Local Folklore

Wanlockhead - Tales, Myths or Facts?

The Cannibal Sheep of Wanlockhead 

In the 19th Century, a small dam on Stake Moss, known as the Mossy Burn Dam, was used to supply the Village with its water.

One summer, villagers were worried about the quality of the water because of the unusual taste, colour and smell.

A decision to drain the Dam was agreed upon to try and find the cause.

Nobody was prepared for what they would find at the bottom of the Dam.

The floor, littered with bones, mostly from lambs and sheep, shocked the villagers, although animals had been disappearing.

As the last of the water drained, the villagers got a big surprise to find a huge, ugly-looking sheep-like creature that was still alive, had gills on both sides of its neck and had evolved to underwater living.

Nobody had heard of or seen anything like it, and it was cautiously captured and tied up. It was agreed, by the majority, to send the creature to the University of Edinburgh to find out if they could help and identify the animal.

The journey by horse and cart to Edinburgh took several days, and sadly the strange beast died on the long journey.

When the scientists received the strange-looking beast, filled with curiosity, they had it dissected, studied and then stored away in a preservative.

The results and what became of it have not been recorded, and although enquiries have been made, nobody has been able to find the preserved remains.

Somewhere in the deep and dark recesses of the University is what remains of that extraordinary beast.

Jack (Skinny) Hall

Jack Hall, known as 'Skinny' to his friends, came to Wanlockhead to work in the mines in the late 1700s. Jack worked in many of the area's mines and was ultimately employed in the Meadowfoot Smelter for five years.
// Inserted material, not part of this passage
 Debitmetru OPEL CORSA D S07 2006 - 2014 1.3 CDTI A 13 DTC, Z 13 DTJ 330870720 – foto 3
One day in a freak accident, a brick fell from one of the buildings hitting him on the head, which, sadly, was fatal and killed him.
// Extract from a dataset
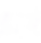bg 2.png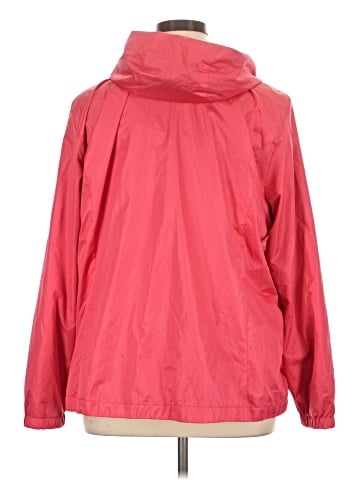ZeroXposur Windbreaker (view 2)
Jack was buried with his favourite work boots and cap.

A year later, on the anniversary of his death, workers turning up for their shift at the Smelter noticed a pair of boots and a cap sitting at the entrance door. All the workers agreed and acknowledged that they were Jack's boots and cap.

All of them knew that Jack was buried with these, his favourite boots and cap, it was impossible they could appear at the work site, but they did.

For the following five years, on the anniversary of his death, his boots and cap appeared at the same place at the Smelter.

To this day, nobody knows how Jack's work boots and cap appeared at his last workplace.


There are many stories of giants roaming the country, some seeming gentle and some not, all given their different names. Lowther Hills was no exception, and it was said that Lother the Giant helped the Picts and their way of life and customs.


The Picts were a group of people who lived during Late Antiquity and the Early Middle Ages. Scotland was divided into a series of kingdoms in the early Middle Ages. Of these, the four most important to emerge were the Picts, the Gaels of Dál Riata, the Britons of Alt Clut, and the Anglian kingdom of Bernicia. After the arrival of the Vikings in the late 8th century, Scandinavian rulers and colonies were established on the islands and along parts of the coasts. In the 9th century, the House of Alpin combined the lands of the Scots and Picts to form a single kingdom which constituted the basis of the Kingdom of Scotland.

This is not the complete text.